We executed steps two and three in collaboration with Mapillary (2019), a technology company dedicated to creating crowdsourced street view maps. Mapillary provides an engine that automatically processes uploaded images, including a user interface to walk from one image to the next and, thus, ultimately throughout the entire city. The left side of Fig. 4.2 depicts the interface that is accessible to the public. The images are further processed using computer vision and object recognition algorithms, of which many have been developed and optimized by the Mapillary research teams (Bulo and Kontschieder 2016; Bulo et al. 2017; Cariucci et al. 2017; Neuhold et al. 2017). The algorithms segment the images and add semantic information to different parts of the visual field.

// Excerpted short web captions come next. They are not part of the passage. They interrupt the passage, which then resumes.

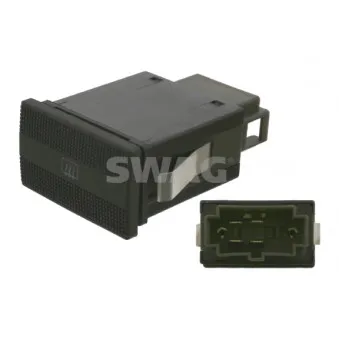 SWAG 30 91 8080 - Interrupteur, chauffage de vitre arrière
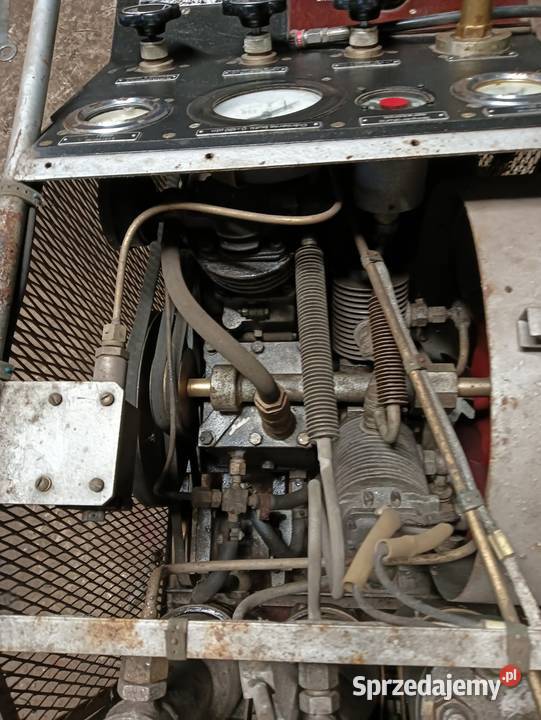 Sprzedam kompresor do pompowania butli pcp i Szczerców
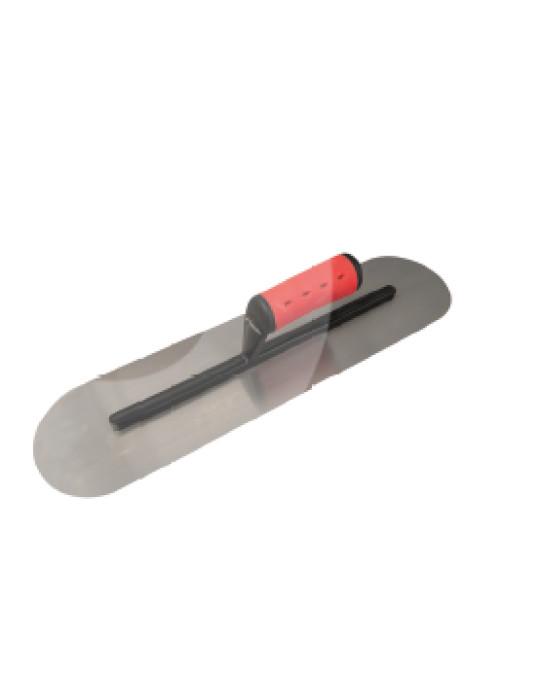 Razatoare rotunda (placa) 475x120 mm otel inoxidabil pentru sapa BOSS foto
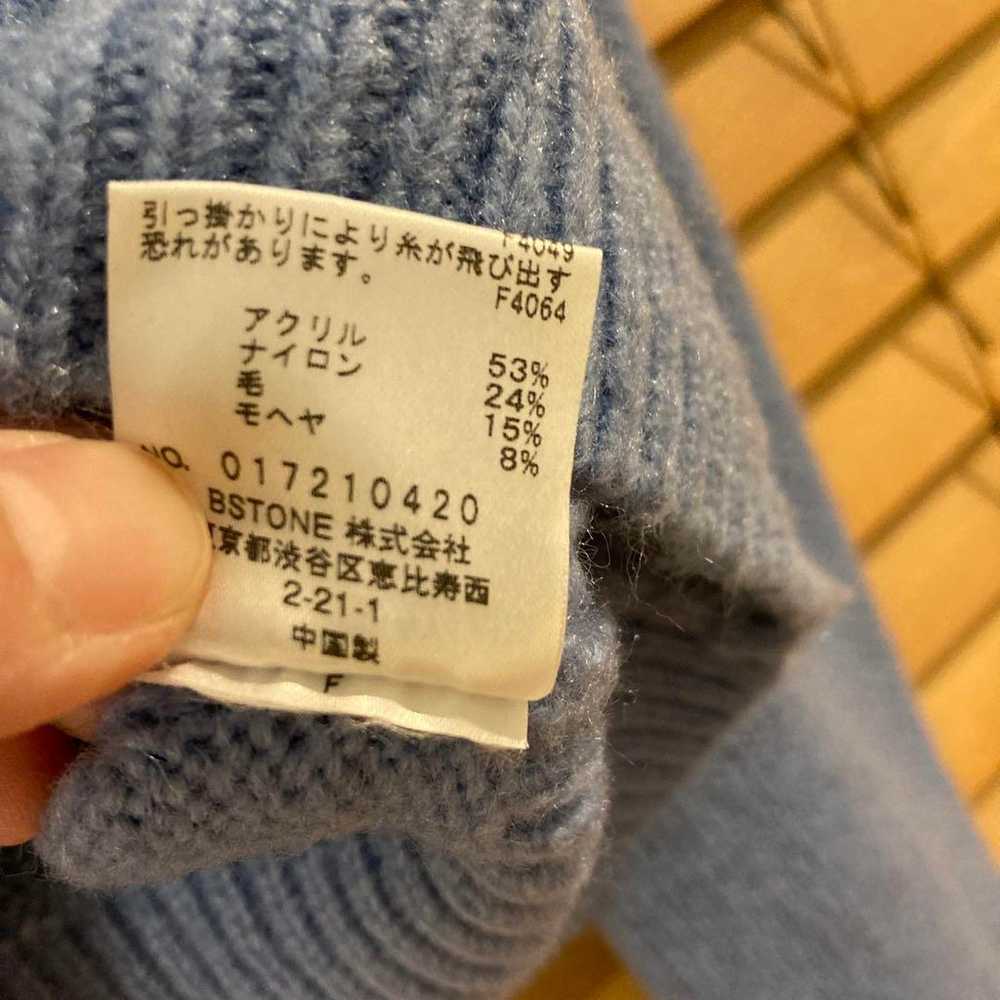 AMERI VINTAGE Ameri Vintage Blue Knit - image 7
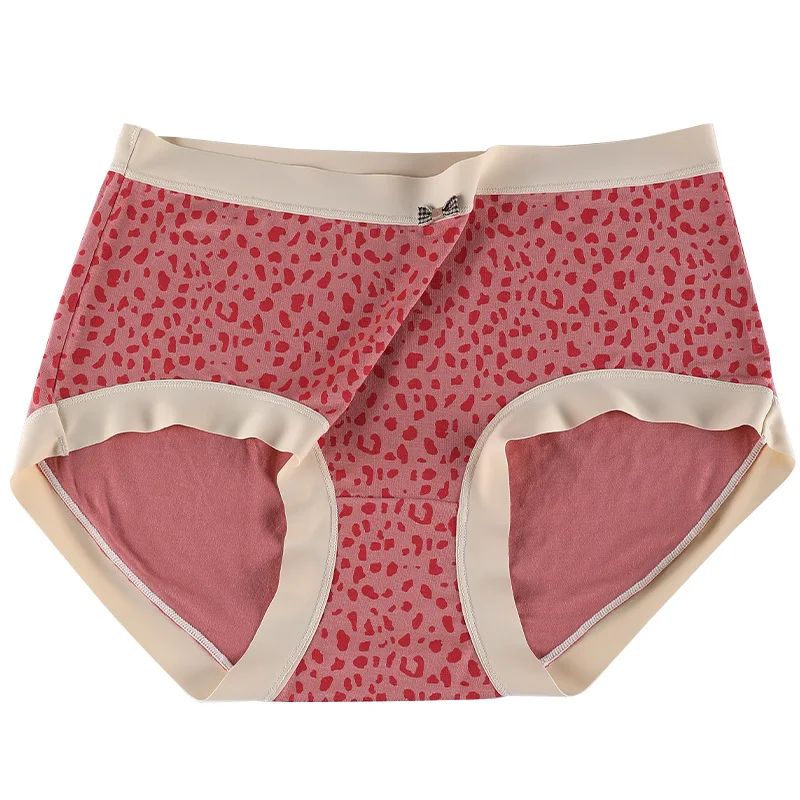 2022 Cotton Underwear Sexy Leopard Print Panties Plus Size Fashion Bow Briefs High Waist Seamless Underpants Female Lingerie
2022 Cotton Underwear Sexy Leopard Print Panties Plus Size Fashion Bow Briefs High Waist Seamless Underpants Female Lingerie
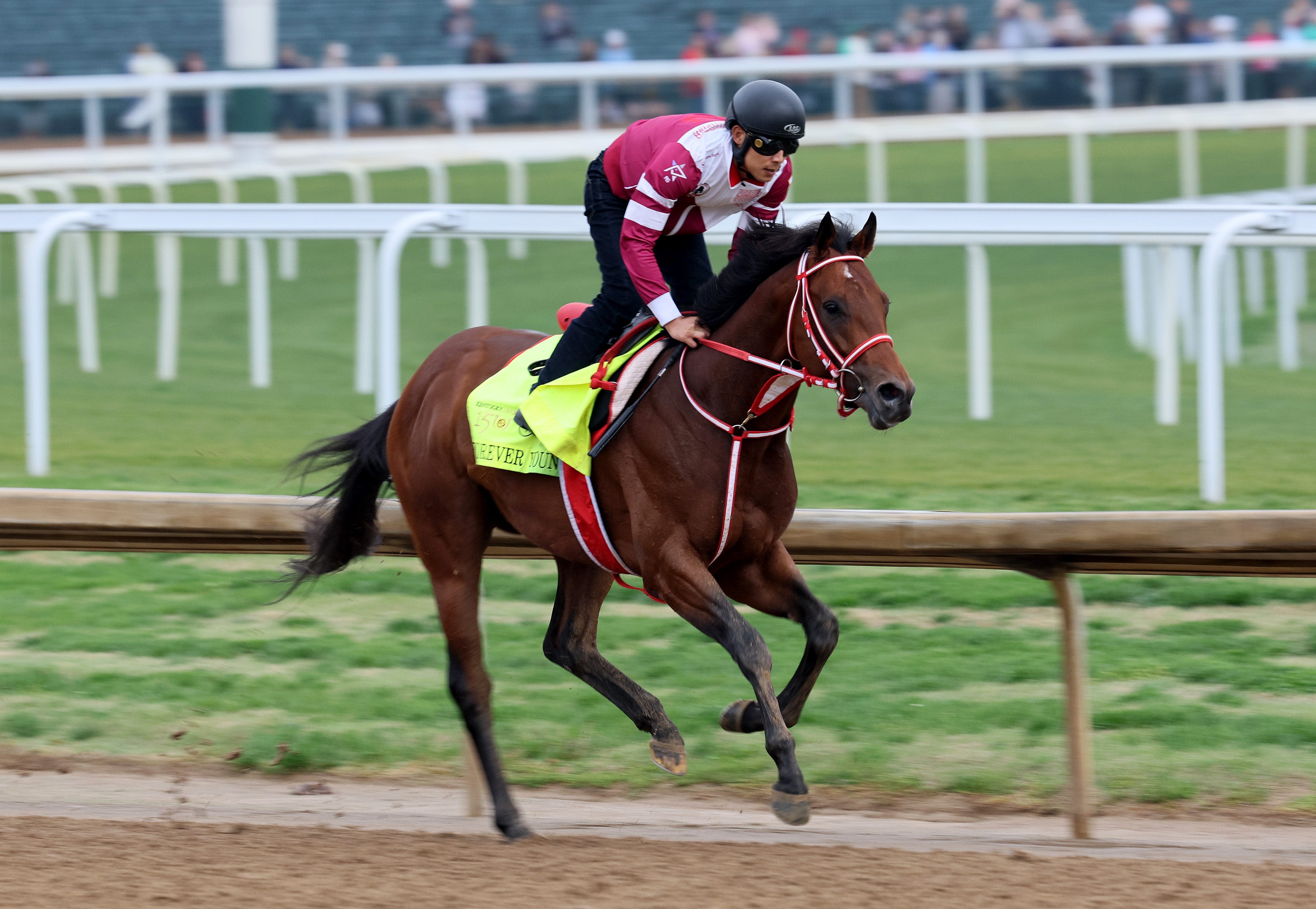 Kentucky Derby 2024: Time, date, TV, streaming and how to watch event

The field of computer vision and object recognition has made significant strides in recent years by using deep-learning algorithms to perform image segmentation (Krylov et al. 2018). However, these techniques are not yet perfect and the resulting semantic information extracted from images is often only an approximation to reality. For street-level data, this is especially the case for areas that differ from the data that were used to train the object recognition classifier. Nevertheless, the algorithms are able to recognize core properties in the imagery, as depicted in the right inset panel of Fig. 4.2.

When the same object is recognized in several images, it can be geolocated uniquely in space. Figure 4.3 shows an example where a single store sign is recognized in six different images located in the right inset, three of which are shown in the left inset panel. The task of geolocating objects from different images at street level involves several major technical challenges. Besides aggregating the same object present in several images, the main challenge in processing crowdsourced street-level data is the varying qualities of the imagery, such as blurring or restricted field of view, and variability in camera positions. The latter is important, since high-quality geolocation depends on the camera position relative to the object in the field of view for accurate triangulation and location (Krylov and Dahyot 2018).

Despite these challenges, the engine was able to geolocate almost 12,000 objects in the small town of Puerto Baquerizo Moreno, including 777 trash cans, 343 store signs, 412 advertisement signs, and 224 driveways. These are the classes of objects that we use in the next section to derive the functions of certain parts of the town and to exemplify the conclusions that can be drawn from these methods, as they continue to improve.

3 Deriving Urban Functions from Object Statistics

The collection of data and the identification and localization of objects in space provides a basic functional mapping of an urban area. The spatial distribution of different classes of objects makes it possible to study the location and functions of different districts. For example, the density distribution of store signs in Fig. 4.4b shows the areas in Puerto Baquerizo Moreno that provides a range of specific services, typically associated with tourism (Andrade and Ferri 2019).

Figure 4.4 shows two object–class density distributions that are good indicators of residential areas: the distributions of trash cans and driveways (subfigures (a) and (c)). Trash cans in residential areas of Puerto Baquerizo Moreno are standardized vessels with a unique shape and color combination. Each household is required to have their trash cans outside of the building, close to the street for easy access for trash collectors. They additionally serve as public trash bins. The trash bins in tourist areas are different, not as prominently placed, and often obfuscated. The segmentation engine has problems identifying them as such, but this is also a clear sign of a different look and function and of an intentional effort to deal with the issue differently. The waterfront area with the most tourist services is much denser than the rest of the town. The buildings are often located next to the street and not set back. This is indicated by the abundance of driveways in the residential area in the northeast and their absence in the denser locations, such as the area central of the town toward the sea. Figure 4.4c depicts this clearly.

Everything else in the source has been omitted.